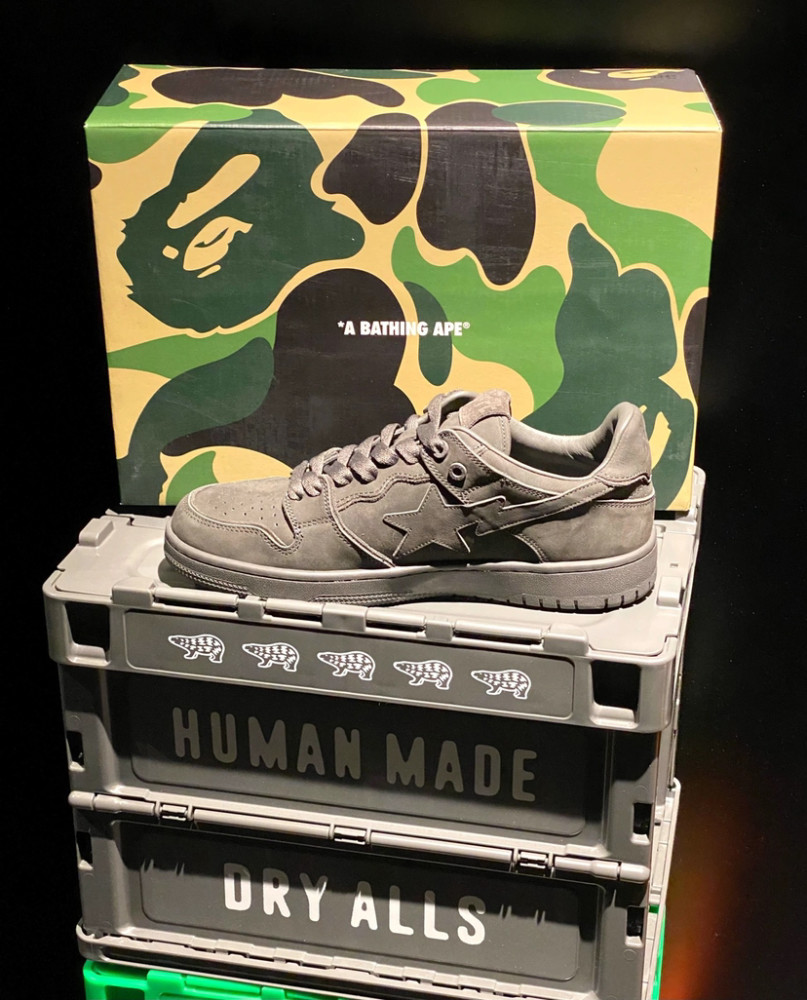 hahalon潮玩bapesta灰黑翻皮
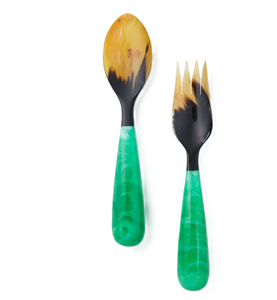Cuchara de cuerno para servir ensaladas con mango de resina de diseñador elegante Juego de cubiertos Logotipo personalizado Aceptado Cuchara de cuerno de búfalo - Product Image 2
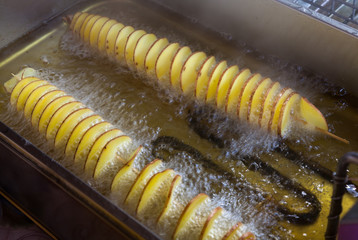 Potatoes  in boiling fat
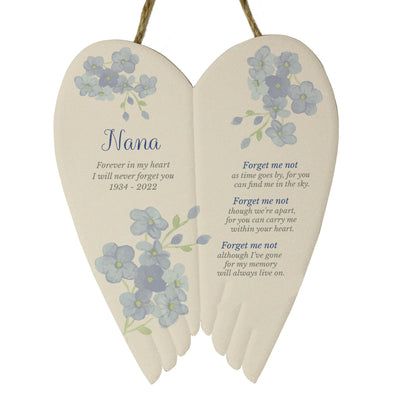 Personalised Forget Me Not Memorial Ceramic Wings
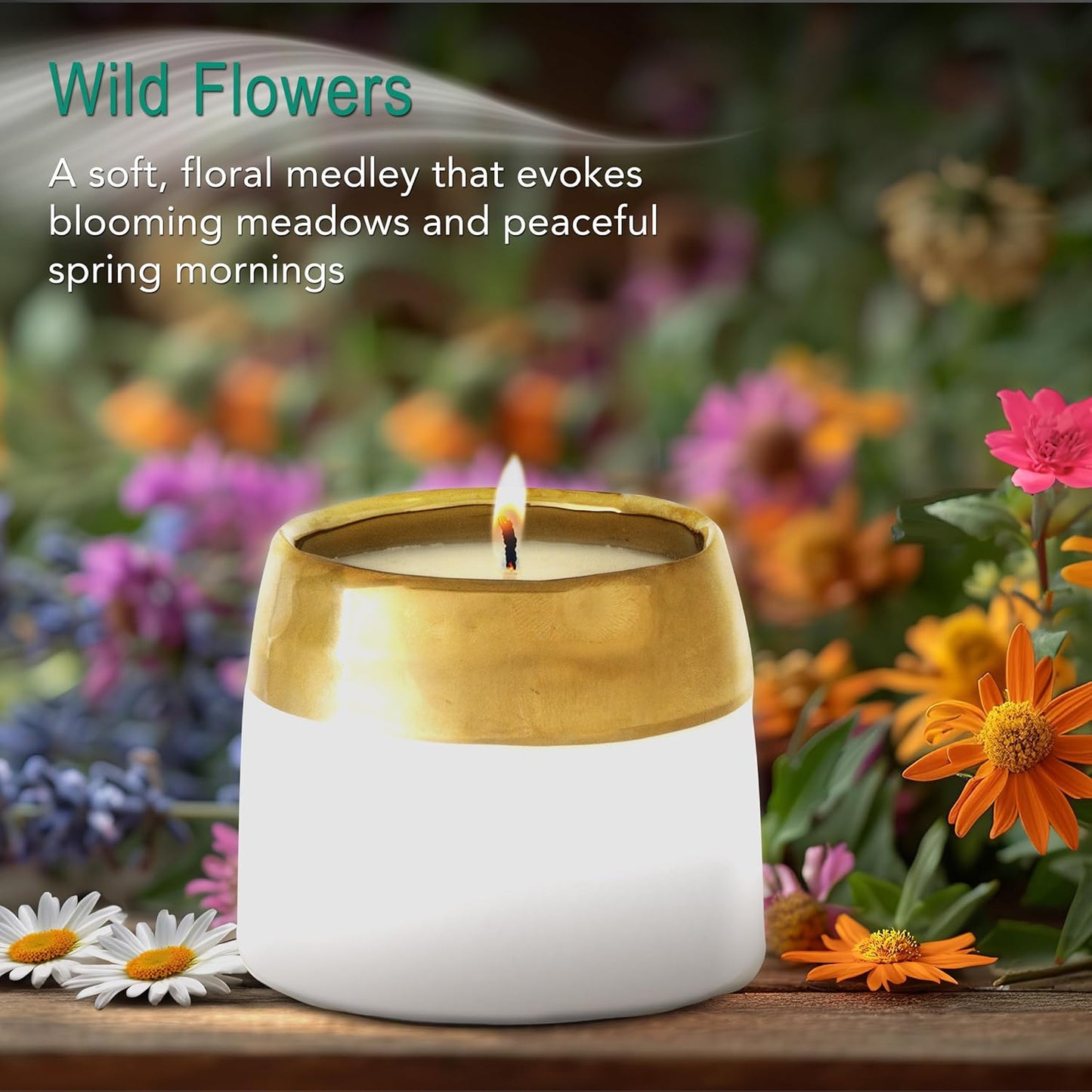 The Growing Candle, Wild Flower Scented, 10oz Ceramic Pot, Single Wick Aromatherapy Candles, 100% Soy for Women and Men, Clara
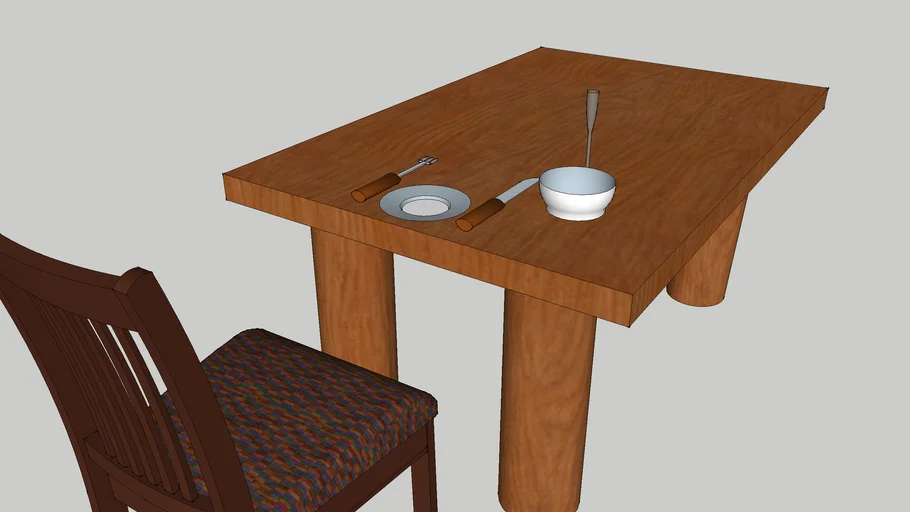A set dining table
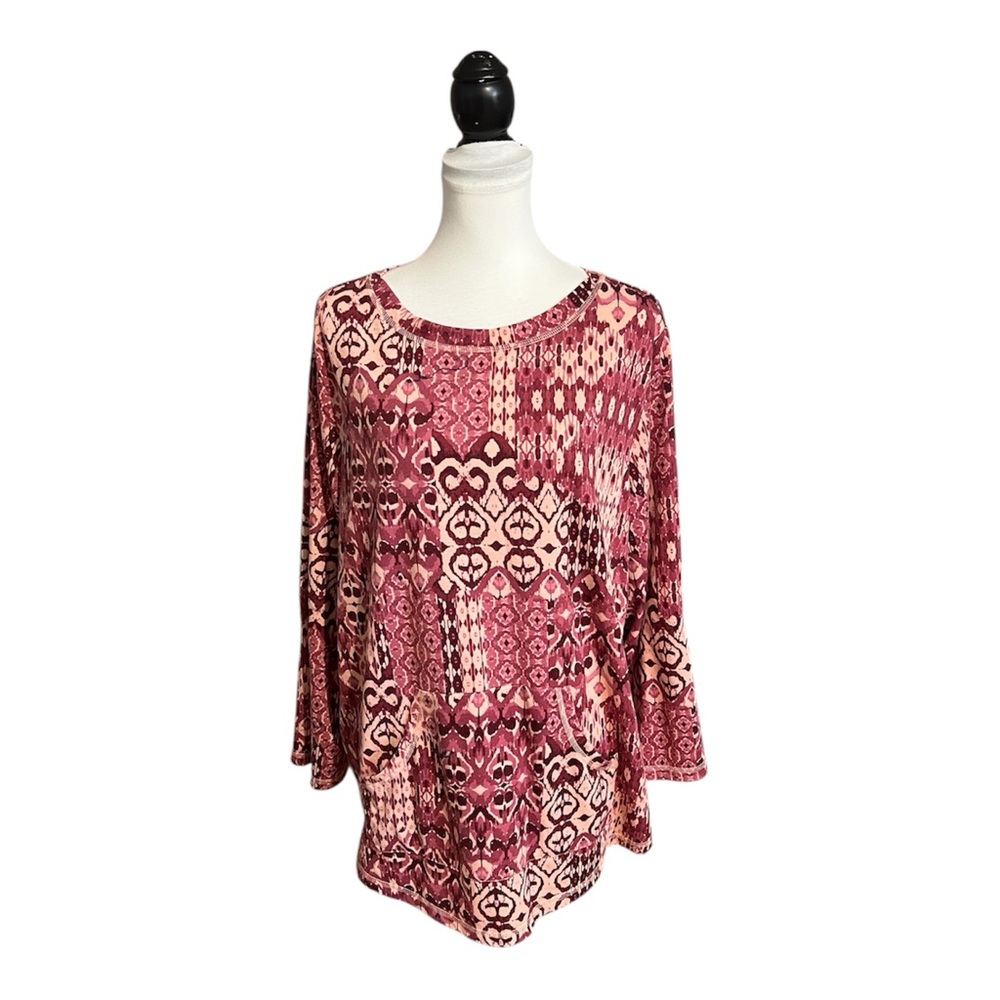 Ruby Rd Woman Knit Sweatshirt Plus Size 2X Multicolored Kangaroo Pocket Top Soft
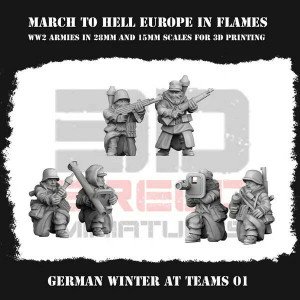 Impréssion 3D Figurines WWII Armée Allemande Wehrmacht Winter ATTeam 1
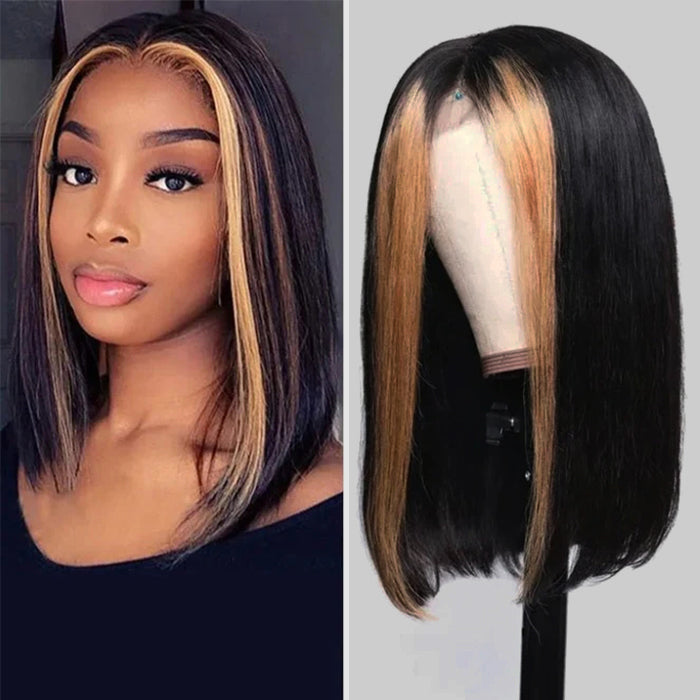 Straight Short Bob 13x4 Lace Font Wig With Blonde Highlights Streaks In Front Bob Wigs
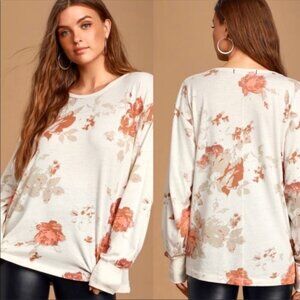 FREE PEOPLE Arielle Oversized Long Sleeve Top NWT Size Medium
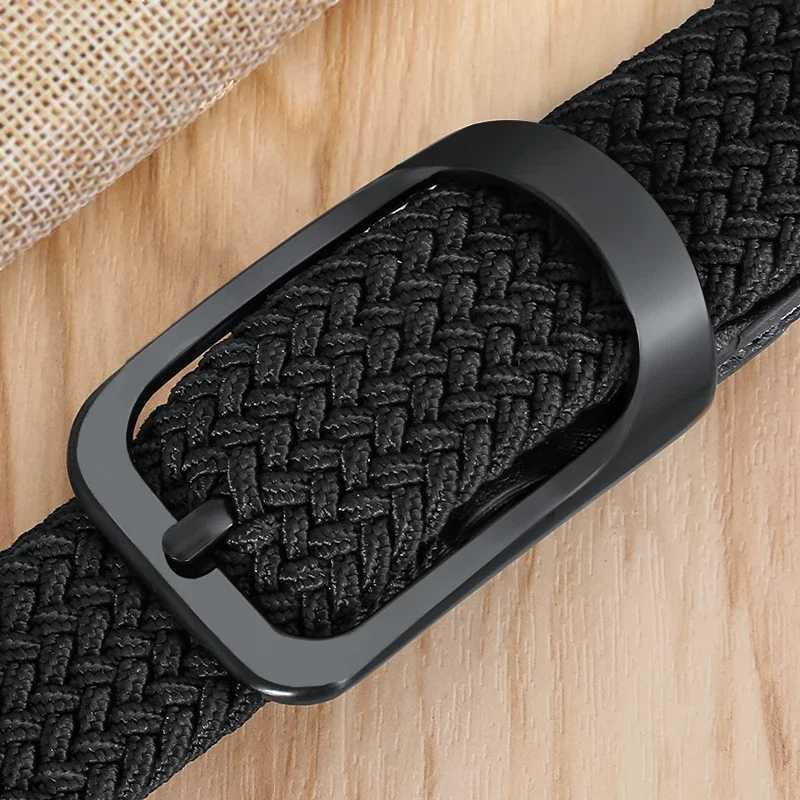 Non-hole Punch- MENS AND WOMENS Woven Belt Elastic Stretch Canvas Belt Female Korean Style Versatile Student Pants Belt X250614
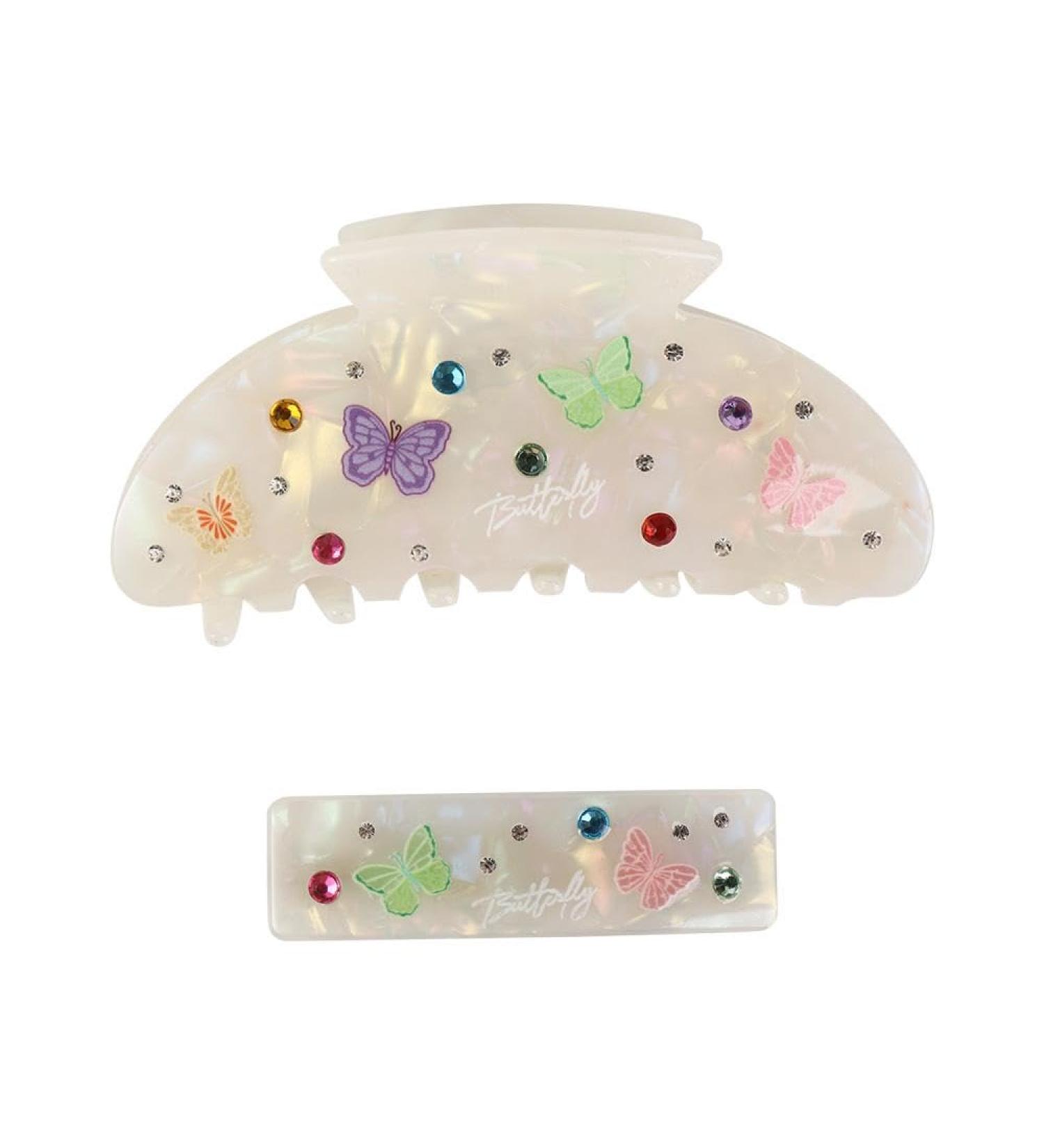 Colorful Butterfly Painted Rhinestone Hair Claw Hair Clip Acetate Shark Clip Retro Spring Clip Simple Hair Grabbing Clip Fashion Hair Accessories - Buy Online on GoSupps.com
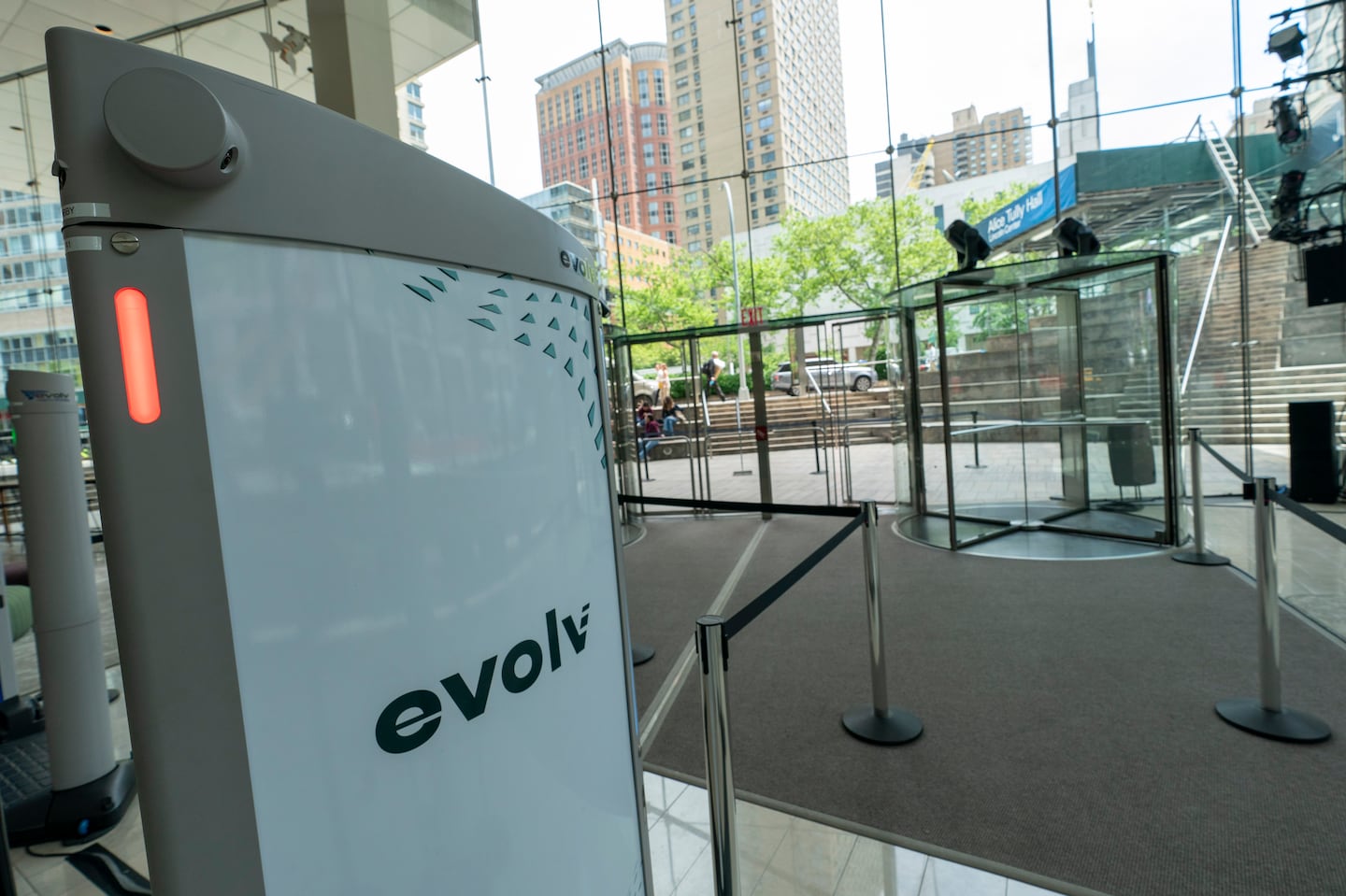 The Evolv Express weapons detection system lit up red during a 2022 demonstration in New York.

Try it. What comes back should match the records exactly, minus any pictures.

Answer for this exercise.
 hahalon潮玩bapesta灰黑翻皮
Cuchara de cuerno para servir ensaladas con mango de resina de diseñador elegante Juego de cubiertos Logotipo personalizado Aceptado Cuchara de cuerno de búfalo - Product Image 2
 Potatoes  in boiling fat
 Personalised Forget Me Not Memorial Ceramic Wings
 The Growing Candle, Wild Flower Scented, 10oz Ceramic Pot, Single Wick Aromatherapy Candles, 100% Soy for Women and Men, Clara
A set dining table
 Ruby Rd Woman Knit Sweatshirt Plus Size 2X Multicolored Kangaroo Pocket Top Soft
 Impréssion 3D Figurines WWII Armée Allemande Wehrmacht Winter ATTeam 1
 Straight Short Bob 13x4 Lace Font Wig With Blonde Highlights Streaks In Front Bob Wigs
 FREE PEOPLE Arielle Oversized Long Sleeve Top NWT Size Medium
 Non-hole Punch- MENS AND WOMENS Woven Belt Elastic Stretch Canvas Belt Female Korean Style Versatile Student Pants Belt X250614
 Colorful Butterfly Painted Rhinestone Hair Claw Hair Clip Acetate Shark Clip Retro Spring Clip Simple Hair Grabbing Clip Fashion Hair Accessories - Buy Online on GoSupps.com
 The Evolv Express weapons detection system lit up red during a 2022 demonstration in New York.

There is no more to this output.